═══ Data records
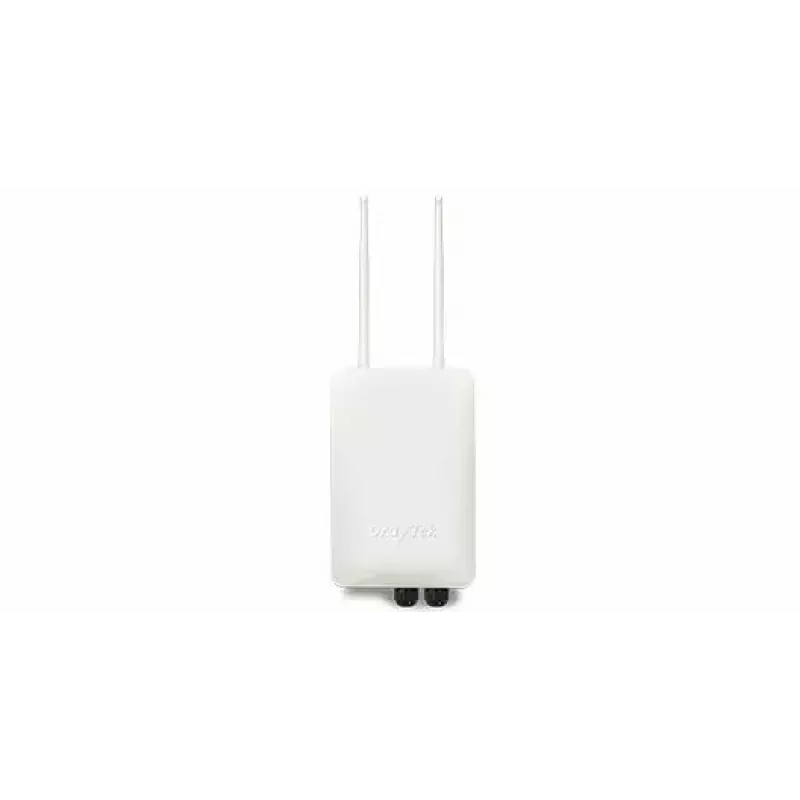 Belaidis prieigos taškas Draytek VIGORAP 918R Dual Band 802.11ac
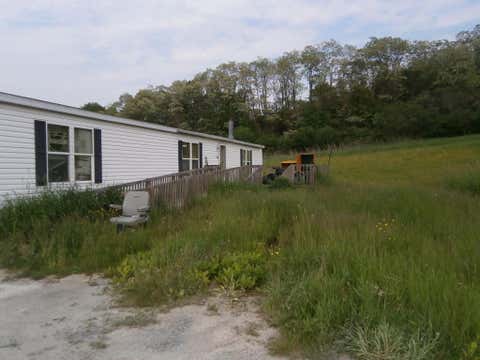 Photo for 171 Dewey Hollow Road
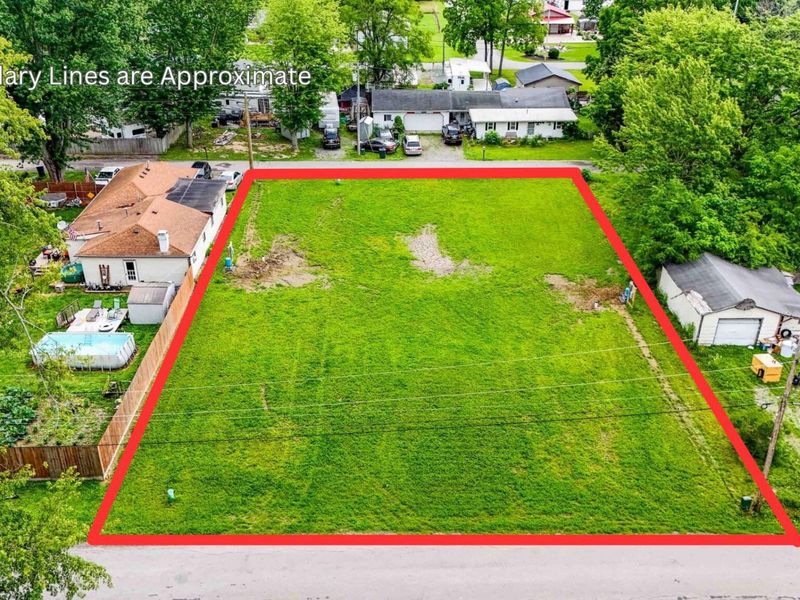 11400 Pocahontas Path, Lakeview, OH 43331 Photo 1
══════
═══ Data records
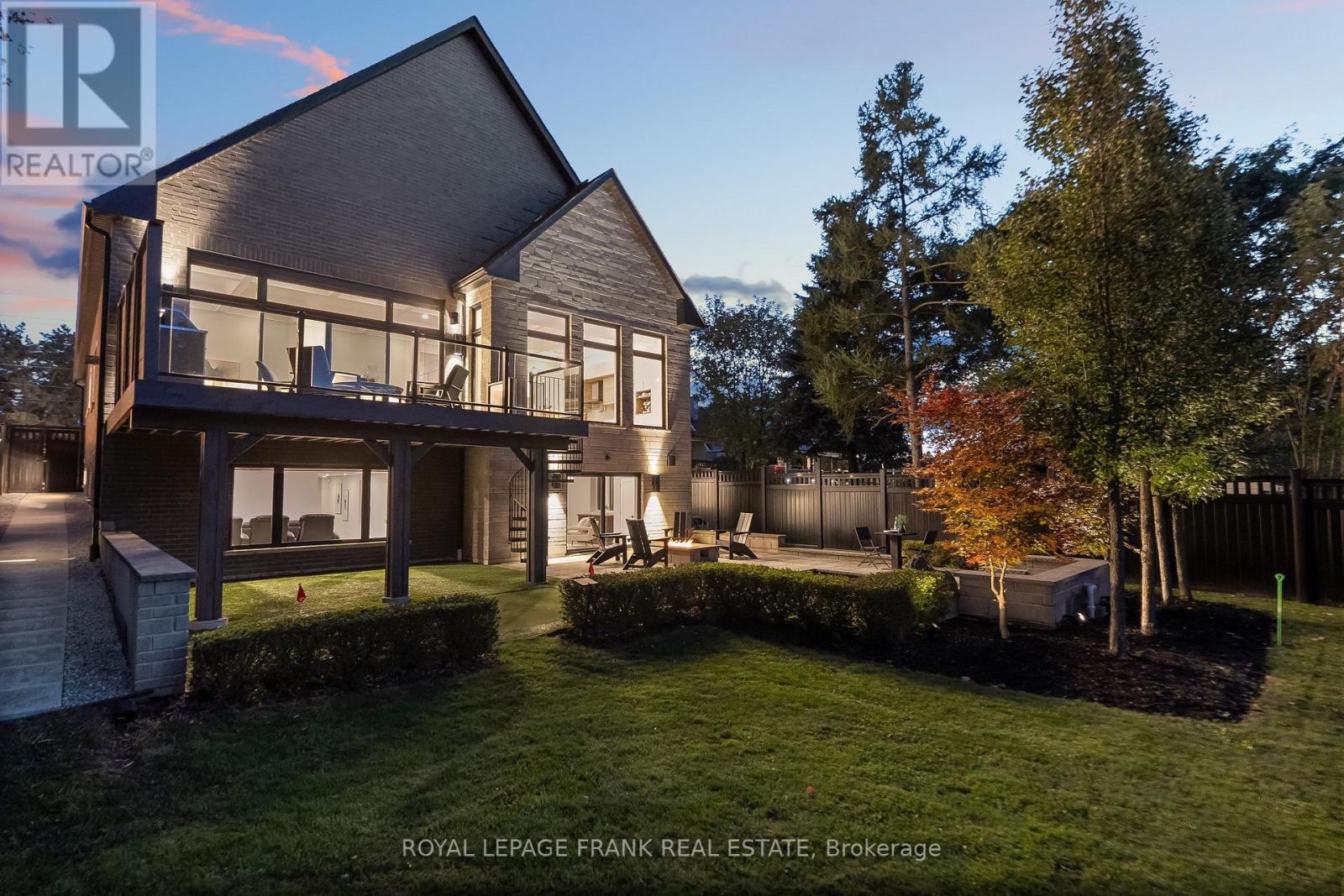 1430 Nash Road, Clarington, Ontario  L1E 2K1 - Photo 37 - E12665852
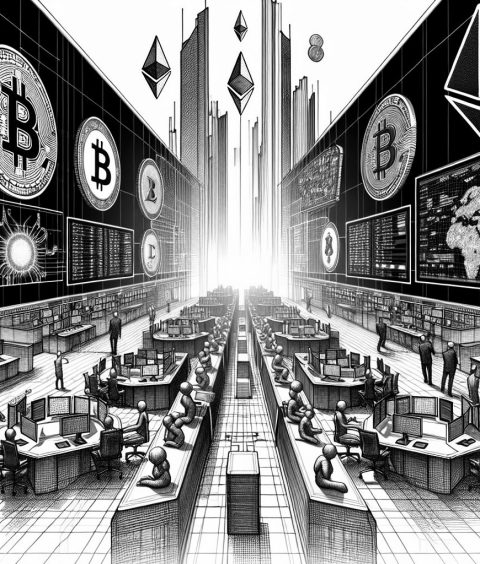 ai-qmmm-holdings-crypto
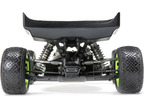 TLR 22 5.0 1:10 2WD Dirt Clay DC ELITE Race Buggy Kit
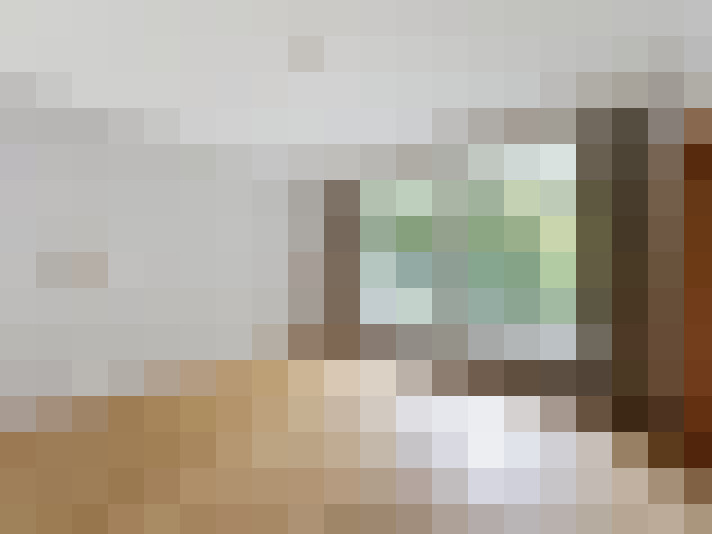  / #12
══════
What the exercise asks
Beginning with the line that contains "Belaidis prieigos taškas" and ending with the line that contains "11400 Pocahontas Path, Lakeview, OH", reproduce the listing exactly, pictures excluded.

Task output
 Belaidis prieigos taškas Draytek VIGORAP 918R Dual Band 802.11ac
 Photo for 171 Dewey Hollow Road
 11400 Pocahontas Path, Lakeview, OH 43331 Photo 1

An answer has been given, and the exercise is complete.